Friday, March 26, 2010

Shame on Bear World

So Yellowstone Bear World got its exemption from the minimum wage law.

Addendum: No, they haven't, or at least not this legislative season. The bill to make this so was held hostage in committee by a lawmaker throwing a fit over a bill he wanted passed that didn't get a chance. The legislature is now out (as of April 1) so it's not likely this is going to happen. Still to see is if YBW will close this summer as threatened. Can't say I'd miss them. (I guess the local paper screwed up in saying the bill had passed when it actually hadn't. I feel their pain.)

I still fail to see how a business that has lost 40 percent of its revenue over the last two years is going to stay open by cutting the pay of 35 to 40 part-time workers by a maximum of 75 cents per hour is going to keep this business in the black. They already charge $16.95 for an adult to get inside the park, or $75 for a carload of eight or fewer people. Yeah, the exemption is going to save the company several thousand dollars over the course of the season, but you have to wonder, at what cost?

I don't think people have stopped going to the place because their workers earn the minimum wage. If I were Bear World management, I'd be taking a closer look at those ticket prices and seeing if there weren't anything I could do to tweak them to make entry more affordable. If, perchance, it were less expensive to get into the place, they might get more people coming through the gates. Yes, I said might. I have no idea if that idea would work at all. I do know, however, that the ability to pay their employees less isn't going to do a damn thing in getting people to come through the gates.

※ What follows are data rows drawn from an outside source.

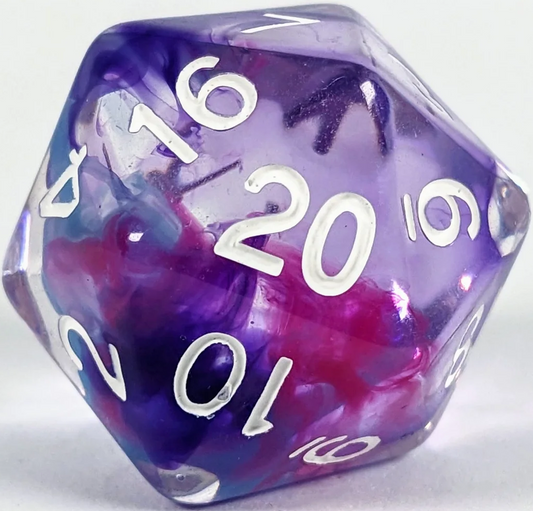 XL D20: DUCHESS' DECREE W/ CROWN SYMBOL 30MM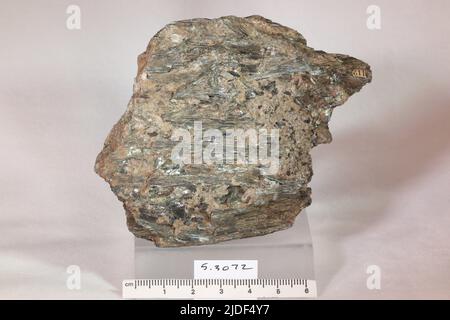 Amphibol. Mineralien. Nordamerika; USA; Connecticut; Middlesex County; Haddam Stockfoto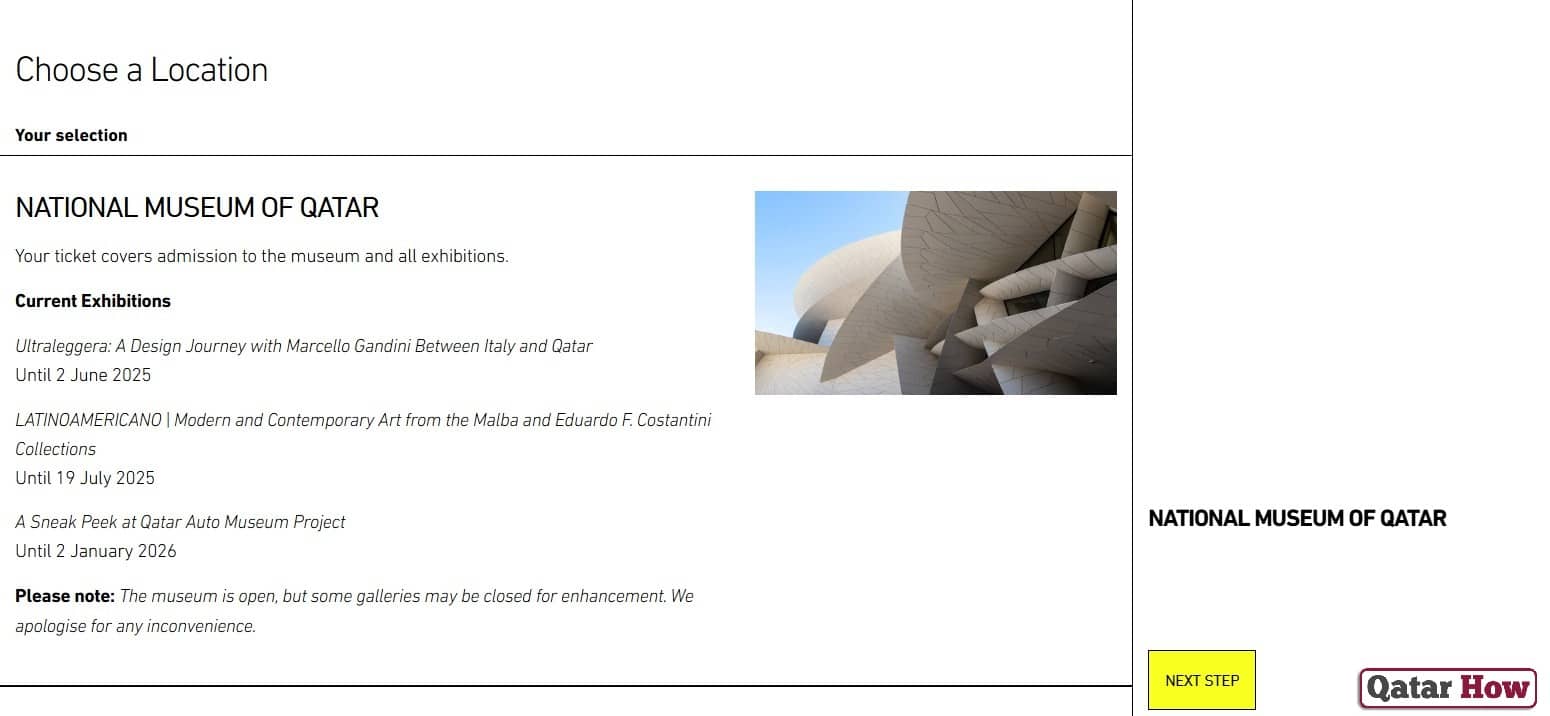 National Museum of Qatar Ticket Price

When we toured the Oregon coast last summer, we ran into quite a few of these kinds of tourist traps -- and they are traps indeed. One place allowed you to descend a wooden stairwell to go to the beach below and gaze at sea lions. It would have cost our family of 5 $110 to do so. We passed. Oh, we did eventually pay to get into the Newport Aquarium, but it was less than half the cost and we got to see a lot more than sea lions. But these tourist trap places ought to figure out that on any given trip, an average family is going to skip nine out of ten of these places and go to the one that really hits their buttons.

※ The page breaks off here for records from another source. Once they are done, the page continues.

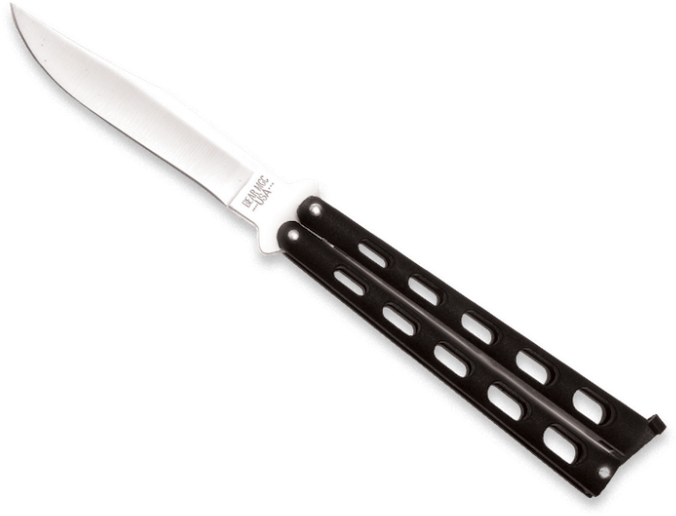 Butterfly Knife Png - Bear And Son Butterfly Knives (780x680), Png Download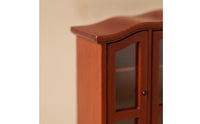 Dollhouse Storage Cabinet Realistic Cabinet with Doors Classic Cupboard for Collectors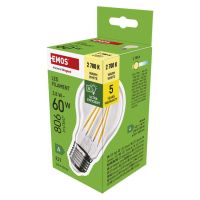 LED žárovka Filament A60 A CLASS/ E27 / 3,8 W (60 W) / 806 lm / teplá bílá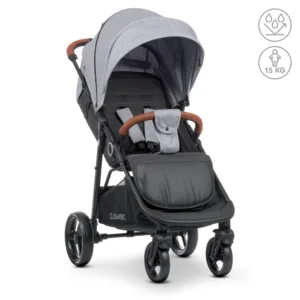 Прогулянкова коляска El Camino X4 ME 1024 Gray Lines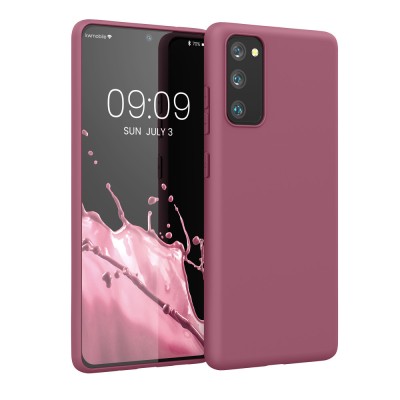 Husa pentru Samsung Galaxy S20 FE, Silicon, Roz, 53604.167 foto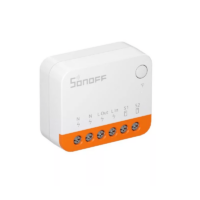 Wi-Fi Intelligens Relé Sonoff Mini R4, 10A, 2300W, Időzítések, Alkalmazásvezérlés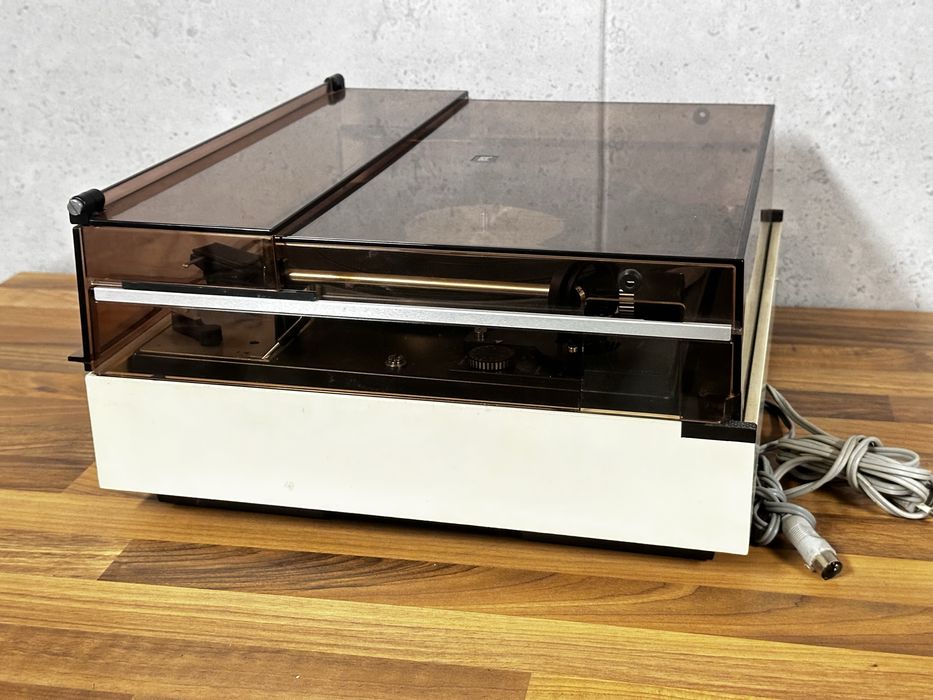 Dual 1229 gramofon, biały, wkladka DM103 M-E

Yellowstone Bear World has benefited because they don't have the competition -- there aren't a string of traps from Idaho Falls to Yellowstone, thank heaven. And that ought to frighten YBW more than direct competition, because even without a competitor, tourists and locals are going elsewhere. Like to Yellowstone National Park, without an intermediate stop. More people are traveling to Yellowstone -- they hit record numbers of visitors last year. But obviously a lot fewer people have stopped at Yellowstone Bear World. I think price is one. People are traveling but saying, you know what, we can pay $50 for entry to the park and most likely see the animals we want (last time my family went, we saw bison, elk, deer, a coyote and a bear, or equivalent to the animals at Bear World) without having to pay to get into YBW. So much for their ad campaign saying they've got animals you can't see at Yellowstone anymore, or that YBW is the best part of any Yellowstone trip. It's not. It's an expensive side trip at most.

If YBW prices were lower, stopping there might be more of a temptation for cost-conscious people who are obviously staying away now.